You, Too, Can Cook Like Surrealist Godfather Salvador Dalí
The painter’s erotically charged cookbook is getting a rare reprinting
The surrealist master Salvador Dalí was many things: a painter, a filmmaker, a photographer and even a star in several television commercials. But his imagination expanded far beyond these pursuits and even made its way into the kitchen. Now, after 40 years, Dalí’s surrealist cookbook is coming back into print.
Throughout his life, Dalí and his wife Gala were well-known for throwing lavish and bizarre banquets. Guests were required to come in costume, dishes were served in shoes instead of on plates and entertainment included wild, exotic animals roving about the house, Margaret Rhodes writes for Wired. So it follows that Les diners de Gala wasn’t just a standard cookbook, but a unique artwork in and of itself.

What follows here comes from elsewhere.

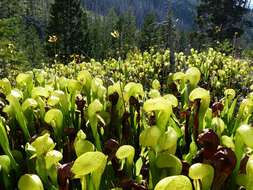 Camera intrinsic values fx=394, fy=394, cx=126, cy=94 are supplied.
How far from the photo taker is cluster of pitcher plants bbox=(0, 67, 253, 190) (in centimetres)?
97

“You’ll see looking through it how much of a cultural artefact it is,” a spokeswoman for TASCHEN, the book’s publisher, tells Esther Addley and Alison Flood for The Guardian. “Recipes from top chefs at French restaurants that are still pumping and serving today, beautiful artworks that were made explicitly for the book, and recipes that people will enjoy simply by reading or [if they are game!] challenge them in the kitchen.”
Like everything else Dalí did, the 1973 cookbook is served with a heaping portion of weirdness and quirk. Instead of sectioning it off into categories based on ingredients like meat and vegetables, he gave the book’s chapters titles like “Prime Lilliputian malaises” and “Deoxyribonucleic Atavism,” according to Addley and Flood. There’s an entire chapter devoted to dishes purported to be aphrodisiacs (titled “I Eat GALA”) and plenty of cocktail recipes. Needless to say, everything is described in an aggressive, yet playful manner designed to challenge any prospective chef on what it means to create a dish.
“Les diners de Gala is uniquely devoted to the pleasures of taste," Dalí wrote in the cookbook’s introduction, Beckett Mufson writes for The Creators Project. "If you are a disciple of one of those calorie-counters who turn the joys of eating into a form of punishment, close this book at once; it is too lively, too aggressive, and far too impertinent for you."
Of course, the recipes aren’t the only part of the book where Dalí let his creativity run wild. Les diners de Gala is packed with original illustrations and photographs by the surrealist kingpin himself, all faithfully reprinted as they were in the original edition, Rhodes reports. While the often-erotically charged drawings of foodstuffs like shrimp towers and blocks of cheese may not be much help in putting together the final product, they are just as idealized an image of Dalí’s recipes as any sumptuous photo found in a more traditional cookbook.
As odd as the images may be, the recipes themselves are surprisingly straightforward—though they often include ingredients less likely to be found at your standard supermarket.